When to use: When a business process spans multiple services and needs coordinated rollback if any step fails.
Implementation:
// Saga orchestrator for order fulfillment
// Order -> Payment -> Inventory -> Shipping
interface SagaStep {
name: string;
execute: (context: SagaContext) => Promise<void>;
compensate: (context: SagaContext) => Promise<void>;
}
interface SagaContext {
orderId: string;
customerId: string;
items: OrderItem[];
total: number;
// Accumulated state from previous steps
paymentId?: string;
reservationId?: string;
shipmentId?: string;
}
const orderFulfillmentSaga: SagaStep[] = [
{
name: "processPayment",
execute: async (ctx) => {
const payment = await paymentService.charge({
orderId: ctx.orderId,
amount: ctx.total,
customerId: ctx.customerId,
});
ctx.paymentId = payment.id;
},
compensate: async (ctx) => {
if (ctx.paymentId) {
await paymentService.refund(ctx.paymentId);
}
},
},
{
name: "reserveInventory",
execute: async (ctx) => {
const reservation = await inventoryService.reserve({
orderId: ctx.orderId,
items: ctx.items,
});
ctx.reservationId = reservation.id;
},
compensate: async (ctx) => {
if (ctx.reservationId) {
await inventoryService.release(ctx.reservationId);
}
},
},
{
name: "createShipment",
execute: async (ctx) => {
const shipment = await shippingService.create({
orderId: ctx.orderId,
items: ctx.items,
customerId: ctx.customerId,
});
ctx.shipmentId = shipment.id;
},
compensate: async (ctx) => {
if (ctx.shipmentId) {
await shippingService.cancel(ctx.shipmentId);
}
},
},
];
async function executeSaga(
steps: SagaStep[],
context: SagaContext
): Promise<void> {
const completedSteps: SagaStep[] = [];
for (const step of steps) {
try {
console.log(`Executing saga step: ${step.name}`);
await step.execute(context);
completedSteps.push(step);
} catch (error) {
console.error(`Saga step "${step.name}" failed:`, error);
// Compensate in reverse order
for (const completedStep of completedSteps.reverse()) {
try {
console.log(`Compensating: ${completedStep.name}`);
await completedStep.compensate(context);
} catch (compensateError) {
// Log compensation failure for manual intervention
console.error(
`CRITICAL: Compensation for "${completedStep.name}" failed:`,
compensateError
);
await alertOps({
type: "saga_compensation_failure",
saga: "orderFulfillment",
step: completedStep.name,
orderId: context.orderId,
error: compensateError,
});
}
}
throw new SagaFailedError(step.name, error as Error);
}
}
}
Why: Distributed transactions across services are impractical (two-phase commit doesn't scale). Sagas provide an alternative: a sequence of local transactions with compensating actions for rollback. If payment succeeds but inventory reservation fails, the saga refunds the payment automatically.

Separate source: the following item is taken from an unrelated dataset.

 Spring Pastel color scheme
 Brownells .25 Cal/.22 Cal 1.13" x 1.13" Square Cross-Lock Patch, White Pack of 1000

When to use: Every event-driven system needs a strategy for messages that cannot be processed.
Implementation:
// SQS dead letter queue handling pattern
import { SQSClient, SendMessageCommand, ReceiveMessageCommand } from "@aws-sdk/client-sqs";
// Configure main queue with DLQ
const queueConfig = {
RedrivePolicy: JSON.stringify({
deadLetterTargetArn: process.env.DLQ_ARN,
maxReceiveCount: 3, // Move to DLQ after 3 failed processing attempts
}),
};
// DLQ monitoring and replay
async function monitorDLQ(): Promise<void> {
const messages = await sqs.send(new ReceiveMessageCommand({
QueueUrl: process.env.DLQ_URL,
MaxNumberOfMessages: 10,
WaitTimeSeconds: 20,
MessageAttributeNames: ["All"],
}));
if (messages.Messages && messages.Messages.length > 0) {
// Alert operations team
await alertOps({
type: "dlq_messages",
count: messages.Messages.length,
queue: "order-events-dlq",
sample: messages.Messages[0].Body,
});
}
}
// Replay DLQ messages back to the main queue
async function replayDLQMessages(
count: number,
filter?: (msg: Record<string, unknown>) => boolean
): Promise<{ replayed: number; skipped: number }> {
let replayed = 0;
let skipped = 0;
for (let i = 0; i < count; i++) {
const response = await sqs.send(new ReceiveMessageCommand({
QueueUrl: process.env.DLQ_URL,
MaxNumberOfMessages: 1,
WaitTimeSeconds: 0,
}));
const message = response.Messages?.[0];
if (!message) break;
const body = JSON.parse(message.Body!);
if (filter && !filter(body)) {
skipped++;
continue;
}
// Replay to main queue
await sqs.send(new SendMessageCommand({
QueueUrl: process.env.MAIN_QUEUE_URL,
MessageBody: message.Body!,
MessageAttributes: message.MessageAttributes,
}));
// Delete from DLQ
await sqs.send(new DeleteMessageCommand({
QueueUrl: process.env.DLQ_URL,
ReceiptHandle: message.ReceiptHandle!,
}));
replayed++;
}
return { replayed, skipped };
}
Why: Dead letter queues capture messages that fail processing after all retries. Without DLQs, failed messages block the queue or are silently dropped. DLQ monitoring catches bugs (malformed events, missing handlers). Replay tooling recovers from transient issues (downstream service outage) without data loss.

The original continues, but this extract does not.